[Extracted data entries]
--- --- ---
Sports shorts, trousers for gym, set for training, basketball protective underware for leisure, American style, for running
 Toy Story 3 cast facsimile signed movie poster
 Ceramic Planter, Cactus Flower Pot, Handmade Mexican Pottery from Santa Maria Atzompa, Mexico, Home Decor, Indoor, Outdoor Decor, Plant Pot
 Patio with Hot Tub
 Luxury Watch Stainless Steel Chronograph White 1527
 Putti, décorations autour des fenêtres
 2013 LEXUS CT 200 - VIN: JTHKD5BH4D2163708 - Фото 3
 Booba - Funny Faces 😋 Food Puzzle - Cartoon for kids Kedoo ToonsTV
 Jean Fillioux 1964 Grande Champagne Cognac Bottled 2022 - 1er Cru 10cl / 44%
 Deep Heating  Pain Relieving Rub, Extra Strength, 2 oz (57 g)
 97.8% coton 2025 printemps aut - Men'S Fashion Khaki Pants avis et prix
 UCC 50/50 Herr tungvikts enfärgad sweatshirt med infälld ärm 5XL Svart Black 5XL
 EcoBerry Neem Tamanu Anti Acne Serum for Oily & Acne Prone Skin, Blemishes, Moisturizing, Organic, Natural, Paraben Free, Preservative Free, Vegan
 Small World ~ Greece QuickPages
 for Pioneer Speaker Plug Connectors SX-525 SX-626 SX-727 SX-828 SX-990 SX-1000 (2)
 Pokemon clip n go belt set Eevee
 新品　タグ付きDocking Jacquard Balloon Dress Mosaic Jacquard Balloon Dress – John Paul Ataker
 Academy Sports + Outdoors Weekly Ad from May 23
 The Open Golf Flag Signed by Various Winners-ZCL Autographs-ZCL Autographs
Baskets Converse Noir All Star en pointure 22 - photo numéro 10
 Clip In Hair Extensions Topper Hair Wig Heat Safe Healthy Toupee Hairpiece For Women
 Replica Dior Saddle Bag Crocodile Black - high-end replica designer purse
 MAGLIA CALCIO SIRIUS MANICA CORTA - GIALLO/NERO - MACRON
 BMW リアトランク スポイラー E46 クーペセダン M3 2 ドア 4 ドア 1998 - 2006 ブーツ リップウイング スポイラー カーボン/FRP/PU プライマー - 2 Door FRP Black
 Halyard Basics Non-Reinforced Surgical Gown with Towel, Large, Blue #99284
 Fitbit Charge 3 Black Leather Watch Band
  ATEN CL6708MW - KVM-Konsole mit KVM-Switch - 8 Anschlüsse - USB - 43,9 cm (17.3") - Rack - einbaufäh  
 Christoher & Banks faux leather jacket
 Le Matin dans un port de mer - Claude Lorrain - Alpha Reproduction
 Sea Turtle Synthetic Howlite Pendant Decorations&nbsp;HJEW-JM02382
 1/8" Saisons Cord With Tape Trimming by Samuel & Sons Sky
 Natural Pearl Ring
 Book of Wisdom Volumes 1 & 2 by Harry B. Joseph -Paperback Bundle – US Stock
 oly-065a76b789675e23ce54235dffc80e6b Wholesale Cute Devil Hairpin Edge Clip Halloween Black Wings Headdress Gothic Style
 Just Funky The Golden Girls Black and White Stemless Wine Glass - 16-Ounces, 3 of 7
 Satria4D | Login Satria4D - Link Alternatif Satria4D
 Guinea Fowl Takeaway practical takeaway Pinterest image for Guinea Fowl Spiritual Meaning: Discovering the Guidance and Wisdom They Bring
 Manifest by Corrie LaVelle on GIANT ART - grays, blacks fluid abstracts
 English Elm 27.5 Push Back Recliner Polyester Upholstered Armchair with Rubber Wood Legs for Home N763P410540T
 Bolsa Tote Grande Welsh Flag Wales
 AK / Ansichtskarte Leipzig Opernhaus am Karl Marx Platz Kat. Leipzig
--- --- ---
EXERCISE REQUIREMENTS:
Reproduce every single entry above exactly.

SOLUTION TO THE PROBLEM:
Sports shorts, trousers for gym, set for training, basketball protective underware for leisure, American style, for running
 Toy Story 3 cast facsimile signed movie poster
 Ceramic Planter, Cactus Flower Pot, Handmade Mexican Pottery from Santa Maria Atzompa, Mexico, Home Decor, Indoor, Outdoor Decor, Plant Pot
 Patio with Hot Tub
 Luxury Watch Stainless Steel Chronograph White 1527
 Putti, décorations autour des fenêtres
 2013 LEXUS CT 200 - VIN: JTHKD5BH4D2163708 - Фото 3
 Booba - Funny Faces 😋 Food Puzzle - Cartoon for kids Kedoo ToonsTV
 Jean Fillioux 1964 Grande Champagne Cognac Bottled 2022 - 1er Cru 10cl / 44%
 Deep Heating  Pain Relieving Rub, Extra Strength, 2 oz (57 g)
 97.8% coton 2025 printemps aut - Men'S Fashion Khaki Pants avis et prix
 UCC 50/50 Herr tungvikts enfärgad sweatshirt med infälld ärm 5XL Svart Black 5XL
 EcoBerry Neem Tamanu Anti Acne Serum for Oily & Acne Prone Skin, Blemishes, Moisturizing, Organic, Natural, Paraben Free, Preservative Free, Vegan
 Small World ~ Greece QuickPages
 for Pioneer Speaker Plug Connectors SX-525 SX-626 SX-727 SX-828 SX-990 SX-1000 (2)
 Pokemon clip n go belt set Eevee
 新品　タグ付きDocking Jacquard Balloon Dress Mosaic Jacquard Balloon Dress – John Paul Ataker
 Academy Sports + Outdoors Weekly Ad from May 23
 The Open Golf Flag Signed by Various Winners-ZCL Autographs-ZCL Autographs
Baskets Converse Noir All Star en pointure 22 - photo numéro 10
 Clip In Hair Extensions Topper Hair Wig Heat Safe Healthy Toupee Hairpiece For Women
 Replica Dior Saddle Bag Crocodile Black - high-end replica designer purse
 MAGLIA CALCIO SIRIUS MANICA CORTA - GIALLO/NERO - MACRON
 BMW リアトランク スポイラー E46 クーペセダン M3 2 ドア 4 ドア 1998 - 2006 ブーツ リップウイング スポイラー カーボン/FRP/PU プライマー - 2 Door FRP Black
 Halyard Basics Non-Reinforced Surgical Gown with Towel, Large, Blue #99284
 Fitbit Charge 3 Black Leather Watch Band
  ATEN CL6708MW - KVM-Konsole mit KVM-Switch - 8 Anschlüsse - USB - 43,9 cm (17.3") - Rack - einbaufäh  
 Christoher & Banks faux leather jacket
 Le Matin dans un port de mer - Claude Lorrain - Alpha Reproduction
 Sea Turtle Synthetic Howlite Pendant Decorations&nbsp;HJEW-JM02382
 1/8" Saisons Cord With Tape Trimming by Samuel & Sons Sky
 Natural Pearl Ring
 Book of Wisdom Volumes 1 & 2 by Harry B. Joseph -Paperback Bundle – US Stock
 oly-065a76b789675e23ce54235dffc80e6b Wholesale Cute Devil Hairpin Edge Clip Halloween Black Wings Headdress Gothic Style
 Just Funky The Golden Girls Black and White Stemless Wine Glass - 16-Ounces, 3 of 7
 Satria4D | Login Satria4D - Link Alternatif Satria4D
 Guinea Fowl Takeaway practical takeaway Pinterest image for Guinea Fowl Spiritual Meaning: Discovering the Guidance and Wisdom They Bring
 Manifest by Corrie LaVelle on GIANT ART - grays, blacks fluid abstracts
 English Elm 27.5 Push Back Recliner Polyester Upholstered Armchair with Rubber Wood Legs for Home N763P410540T
 Bolsa Tote Grande Welsh Flag Wales
 AK / Ansichtskarte Leipzig Opernhaus am Karl Marx Platz Kat. Leipzig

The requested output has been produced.